In recent years we’ve begun to learn the reality of what happened in the decades after the Civil War. Likely you’ve heard of the Tulsa Race Massacre by now, when white mobs destroyed “Black Wall Street,” and killed at least 36, but likely anywhere from 100-300 black people. Things like this happened all over the country. As black populations began to grow, succeed, and thrive in communities around our nation, white populations did everything they could to counteract the progress. We threatened, beat, and murdered our way back to power. Such was the case in Wilmington, NC, decades before Tulsa.
I won’t sugar-coat it. From an emotional standpoint, Wilmington’s Lie is not an easy read. Introspection rarely is. When I put this book down I was a combination of sad and irate.
Consider this portion of a review by Eddie S. Glaude Jr.:
The details contained […] [in] the book are heart-wrenching. With economy and a cinematic touch, Zucchino recounts the brutal assault on black Wilmington. A town that once boasted the largest percentage of black residents of any large Southern city found itself in the midst of a systematic purge. Successful black men were targeted for banishment from the city, while black workers left all their possessions behind as they rushed to the swamps for safety. Over 60 people died. No one seemed to care. The governor of North Carolina cowered in the face of the violent rebellion, worried about his own life. President William McKinley turned a blind eye to the bloodshed. And Waddell was selected as mayor as the white supremacists forced the duly elected officials to resign.

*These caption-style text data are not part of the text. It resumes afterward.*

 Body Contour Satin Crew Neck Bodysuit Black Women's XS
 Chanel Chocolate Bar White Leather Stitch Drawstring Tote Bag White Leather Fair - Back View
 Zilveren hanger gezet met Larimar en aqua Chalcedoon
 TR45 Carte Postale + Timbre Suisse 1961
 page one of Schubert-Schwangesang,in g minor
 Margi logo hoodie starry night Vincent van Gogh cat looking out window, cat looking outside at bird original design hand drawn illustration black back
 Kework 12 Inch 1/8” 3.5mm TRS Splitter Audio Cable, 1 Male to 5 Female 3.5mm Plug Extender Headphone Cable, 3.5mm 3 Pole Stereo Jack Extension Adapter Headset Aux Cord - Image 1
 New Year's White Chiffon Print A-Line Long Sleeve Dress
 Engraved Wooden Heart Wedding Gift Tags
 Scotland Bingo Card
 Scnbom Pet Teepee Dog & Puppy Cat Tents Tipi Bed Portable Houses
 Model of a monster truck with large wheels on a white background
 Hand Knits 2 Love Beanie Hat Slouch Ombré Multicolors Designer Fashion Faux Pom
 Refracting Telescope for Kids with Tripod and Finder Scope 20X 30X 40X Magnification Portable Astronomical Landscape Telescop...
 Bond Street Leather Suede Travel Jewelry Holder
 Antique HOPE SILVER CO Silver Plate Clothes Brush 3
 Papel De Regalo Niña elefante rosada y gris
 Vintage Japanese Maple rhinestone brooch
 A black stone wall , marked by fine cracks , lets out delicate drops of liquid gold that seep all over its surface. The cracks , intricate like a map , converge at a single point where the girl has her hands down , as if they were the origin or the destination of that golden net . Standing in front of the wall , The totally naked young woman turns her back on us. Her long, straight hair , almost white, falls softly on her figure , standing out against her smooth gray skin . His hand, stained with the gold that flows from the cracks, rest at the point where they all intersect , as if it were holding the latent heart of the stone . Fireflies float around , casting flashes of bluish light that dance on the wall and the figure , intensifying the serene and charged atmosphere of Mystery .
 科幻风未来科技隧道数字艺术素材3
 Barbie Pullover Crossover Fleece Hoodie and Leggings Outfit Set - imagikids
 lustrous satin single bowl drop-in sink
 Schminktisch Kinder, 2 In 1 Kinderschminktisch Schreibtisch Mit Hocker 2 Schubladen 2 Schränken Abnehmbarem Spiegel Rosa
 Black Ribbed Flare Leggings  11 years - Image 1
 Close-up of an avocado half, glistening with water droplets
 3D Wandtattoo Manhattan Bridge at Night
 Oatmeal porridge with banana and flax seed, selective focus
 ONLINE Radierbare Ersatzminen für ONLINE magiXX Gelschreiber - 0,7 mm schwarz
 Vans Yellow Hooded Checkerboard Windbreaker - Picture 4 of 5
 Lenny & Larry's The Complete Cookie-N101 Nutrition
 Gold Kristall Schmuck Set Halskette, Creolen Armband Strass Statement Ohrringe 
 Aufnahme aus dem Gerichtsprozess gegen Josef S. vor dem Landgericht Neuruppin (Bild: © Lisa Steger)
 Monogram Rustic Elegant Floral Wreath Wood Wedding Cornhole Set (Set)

In the aftermath of it all, the white community of Wilmington told itself a lie to justify the carnage, a lie that would be repeated so often that it stood in for the truth of what actually happened on Nov. 10.
It’s stories like this that remind me that reparations aren’t only addressing our country’s history of slavery, but also our pattern of holding back our black brothers and sisters. We not only refused to pay back what we owed, but we fought and killed to make sure that only white people remained in power.
I’m glad we’ve made progress here. We need to continue in that manner. Part of this means understanding and acknowledging the hard parts of our past. Acknowledging that we’ve wronged and then making amends is honorable.
Wilmington’s Lie won a Pulitzer Prize for General Nonfiction in 2021.
Makes me very sad when I think about what the black people have endured!